Listed records >>

****************

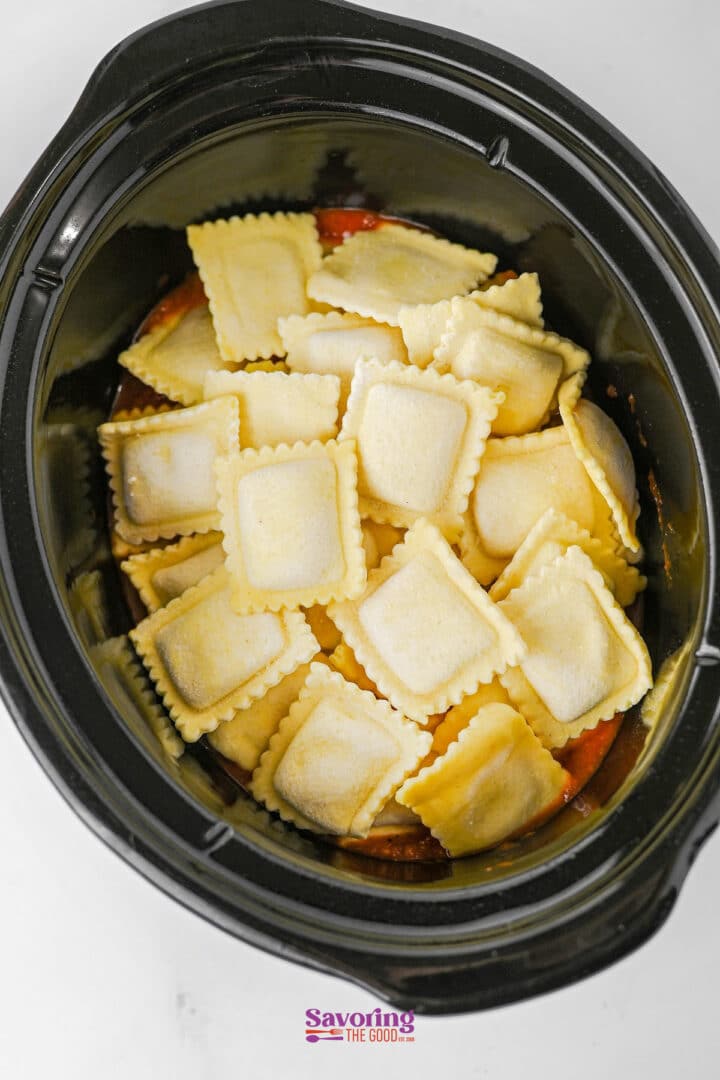 Uncooked ravioli arranged in a black slow cooker on top of a layer of tomato sauce, creating an easy lazy lasagna.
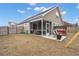 Backyard view of the home featuring a screened-in patio and exterior with a well maintained lawn at 319 Knawl Rd, Moncks Corner, SC 29461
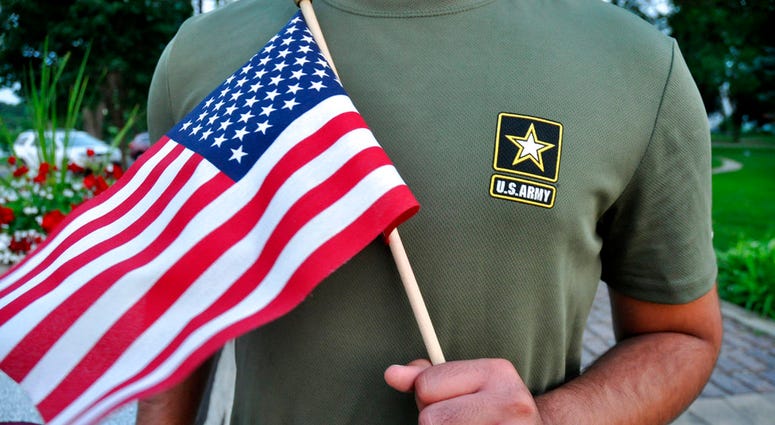 In this Tuesday, July 3, 2018, photo, a Pakistani recruit, 22, who was recently discharged from the U.S. Army, holds an American flag as he poses for a picture. The man asked his name and location to be undisclosed for safety reasons. The AP interviewed t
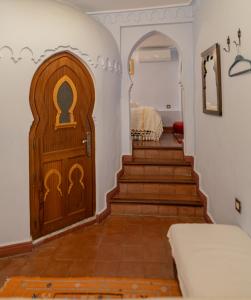 a room with a wooden door and stairs at Casa Sabila in Chefchaouen
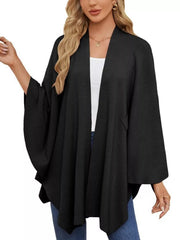 Black knit cape top with draped elegance and open front.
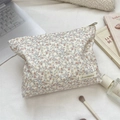 Macro detail of floral corduroy makeup bag with embroidery label and metal zipper - Pink Floral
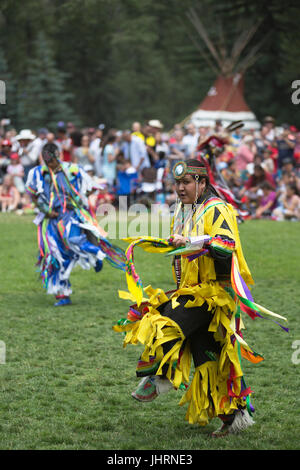 Man dancing during Canada Day powwow in Prince's Island Park.  The celebration commemorates Canada's 150th anniversary of confederation. Stock Photo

****************

Problem >>
All of the data must be set down exactly, with no pictures included.

Output for this exercise >>
 Uncooked ravioli arranged in a black slow cooker on top of a layer of tomato sauce, creating an easy lazy lasagna.
 Backyard view of the home featuring a screened-in patio and exterior with a well maintained lawn at 319 Knawl Rd, Moncks Corner, SC 29461
 In this Tuesday, July 3, 2018, photo, a Pakistani recruit, 22, who was recently discharged from the U.S. Army, holds an American flag as he poses for a picture. The man asked his name and location to be undisclosed for safety reasons. The AP interviewed t
 a room with a wooden door and stairs at Casa Sabila in Chefchaouen
 Black knit cape top with draped elegance and open front.
 Macro detail of floral corduroy makeup bag with embroidery label and metal zipper - Pink Floral
 Man dancing during Canada Day powwow in Prince's Island Park.  The celebration commemorates Canada's 150th anniversary of confederation. Stock Photo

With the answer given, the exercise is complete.